My husband says this to me all the time. I worry about it. But the poster sounds like she's in touch with her feelings and with God and knows better than me. I don't pretend to be a quality person like that. But she seems to be taking the right path and have her head on straight. I don't know, but her husband would certainly be very hurt if she told him it all.


----------



## Darkhorse (Dec 3, 2011)

It's a bandaid...rip it off and deal with the consequences.

It always baffles me why one person thinks they can make choices for the other person. She chose to meet up with an OM, but isn't give her husband the choice to react in the way he chooses to react.

In my marriage, I get very "momma bear" when someone tries to make my husband look like a fool...i don't know how I could do that to him myself. In my opinion, that's exactly what she's doing...making him the fool. A fool who is happy where things are...trying to reconcile with the information he knows. He's building his reconciliation on a lie that she never met the OM in person. And that, my friend, is making him into a fool.


----------



## Beowulf (Dec 7, 2011)

Any lie that you keep will taint any and all interaction with your husband. How can you rebuild a relationship that will grow strong enough to survive the day to day struggles that all couples face. Can a House of God survive for very long with a cracked foundation?


----------



## morituri (Apr 1, 2011)

Jen S said:


> My husband says this to me all the time. I worry about it.


And he's right. Secrecy is a necessary component for an affair to exist. 



> But the poster sounds like she's in touch with her feelings and with God and knows better than me. I don't pretend to be a quality person like that. But she seems to be taking the right path and have her head on straight. I don't know, but her husband would certainly be very hurt if she told him it all.


While I have no doubt that God will forgive her, I'm not so sure He is going to agree with her continuing to deceive her husband. 

Of course her husband would be hurt but he would also have all the information needed to make an informed decision as to how he wants to spend the rest of his life and with whom. If he finds about this many years later, he will feel worse because he's going to believe that all the years after the affair were nothing but a a big lie.


----------



## COguy (Dec 1, 2011)

tigger01 said:


> No, it's not perfectly acceptable to continue lying to my husband, but yes, making things right with God was very important to me! The weight of sin is tremendous, and I simply COULD NOT do it anymore! I have now placed it in His hands, and His help is what our marriage needs right now.


I read the whole thread and initially thought you were well intentioned and going to make the right decision as you seemed to be moving to doing the right thing.

But what the hell is this?? You think it's ok to lie to your husband to spare him pain? If that's the case, why'd you tell him about the affair in the first place? I don't say this lightly, because I am always so optimistic about marriages recovering, but I don't even want to give you solid advice because you are so disconnected from reality that I think it would be better for you to just continue being a moron so your husband can move on.

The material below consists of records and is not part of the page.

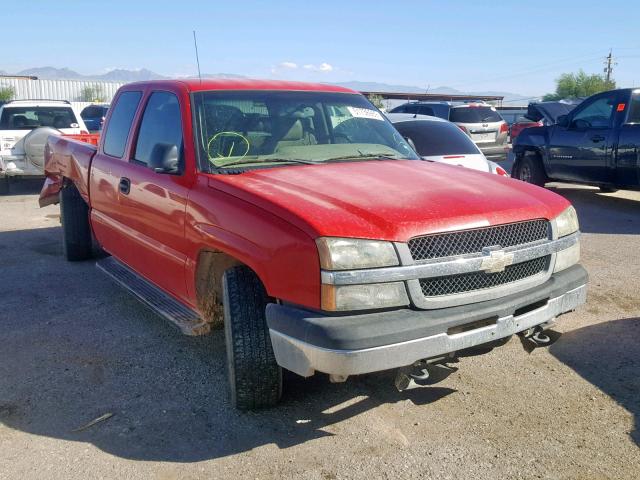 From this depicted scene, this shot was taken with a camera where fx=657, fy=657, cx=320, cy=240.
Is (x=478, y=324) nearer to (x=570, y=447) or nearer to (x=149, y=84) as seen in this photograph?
(x=570, y=447)

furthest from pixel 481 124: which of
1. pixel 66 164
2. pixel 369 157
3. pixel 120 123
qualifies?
pixel 369 157

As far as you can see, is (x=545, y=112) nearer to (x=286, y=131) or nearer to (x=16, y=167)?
(x=16, y=167)

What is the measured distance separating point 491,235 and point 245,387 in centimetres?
154

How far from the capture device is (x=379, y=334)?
2.97 metres

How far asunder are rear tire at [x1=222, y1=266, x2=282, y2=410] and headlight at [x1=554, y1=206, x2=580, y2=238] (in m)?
1.72

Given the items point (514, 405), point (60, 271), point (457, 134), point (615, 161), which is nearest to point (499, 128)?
point (615, 161)

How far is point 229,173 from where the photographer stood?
395cm

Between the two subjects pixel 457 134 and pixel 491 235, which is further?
pixel 457 134

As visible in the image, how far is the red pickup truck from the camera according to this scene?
3041 millimetres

What kind of delusional married person thinks its OK to lie to your husband about anything. You claim to be a practicing catholic, have you even ever thumbed through a bible? Please show me where it advises or portrays lying and being dishonest as acceptable.

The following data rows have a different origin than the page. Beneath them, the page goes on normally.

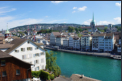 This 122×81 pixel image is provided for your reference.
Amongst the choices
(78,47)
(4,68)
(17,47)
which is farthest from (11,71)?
(78,47)

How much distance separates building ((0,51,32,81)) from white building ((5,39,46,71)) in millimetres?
6511

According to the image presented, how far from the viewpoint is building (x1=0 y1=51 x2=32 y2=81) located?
285 inches

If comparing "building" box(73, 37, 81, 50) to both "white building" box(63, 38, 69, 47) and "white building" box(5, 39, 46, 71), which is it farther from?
"white building" box(5, 39, 46, 71)

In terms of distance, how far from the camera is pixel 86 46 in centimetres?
4691

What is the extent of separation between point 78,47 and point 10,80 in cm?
4457

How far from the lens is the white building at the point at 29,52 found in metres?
14.1

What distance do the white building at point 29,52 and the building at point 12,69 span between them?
6511 millimetres

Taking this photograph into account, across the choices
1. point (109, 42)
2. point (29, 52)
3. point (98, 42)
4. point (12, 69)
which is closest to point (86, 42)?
point (98, 42)

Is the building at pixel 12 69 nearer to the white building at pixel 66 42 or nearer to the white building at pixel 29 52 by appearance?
the white building at pixel 29 52

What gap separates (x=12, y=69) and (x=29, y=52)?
7782mm

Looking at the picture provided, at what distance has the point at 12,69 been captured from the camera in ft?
24.2

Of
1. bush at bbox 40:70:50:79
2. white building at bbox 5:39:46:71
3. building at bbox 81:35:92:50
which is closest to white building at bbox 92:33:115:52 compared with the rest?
building at bbox 81:35:92:50

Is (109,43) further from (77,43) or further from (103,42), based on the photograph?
(77,43)

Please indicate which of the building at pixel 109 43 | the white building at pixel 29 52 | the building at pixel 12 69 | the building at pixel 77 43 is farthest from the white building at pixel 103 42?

Don't be so sinful to see that your motives for being deceptive are 100% selfish not selfless. You want to stay married, so you don't have the courage to be honest with your husband because it might jeopardize YOUR wants. Your concern is not HIS feelings, it's to spare YOURSELF guilt from seeing his pain. If you really cared about his feelings, you wouldn't be actively screwing him.

I often think about the trust rebuilding phase of my marriage. I say to myself, either she is the world's most deceitful lying b*tch, or she is being truthful. I think about how horrible of a person my wife would have to be to be so adamant about being honest with me and yet continue to lie.

*You ma'am, are that horrible person.*

The only thing that will redeem you from being the lowest form of life on this planet is your honesty. I hope you grow a heart and think about your husband's feelings for a change.


----------



## COguy (Dec 1, 2011)

morituri said:


> Of course her husband would be hurt but he would also have all the information needed to make an informed decision as to how he wants to spend the rest of his life and with whom. If he finds about this many years later, he will feel worse because he's going to believe that all the years after the affair were nothing but a a big lie.


God it's so true. I feel so bad for her husband, he is walking around with so much pain but thinking that he is on the road to recovery. I can only imagine the damage this poor guy is going to face when he finds out the truth after many years (or from someone else). It's hard enough trusting your perception after an affair, this would be catastrophic to a person.


----------



## Grayson (Oct 28, 2010)

Jen S said:


> Because she's willing to take the pain of guilt in order to protect her husband.


Bull.

She's "protecting her husband" in the same way she would be "protecting" him by not telling him she knows he's consuming poison. He'll still die, but will be spared the panic of knowing it ahead of time.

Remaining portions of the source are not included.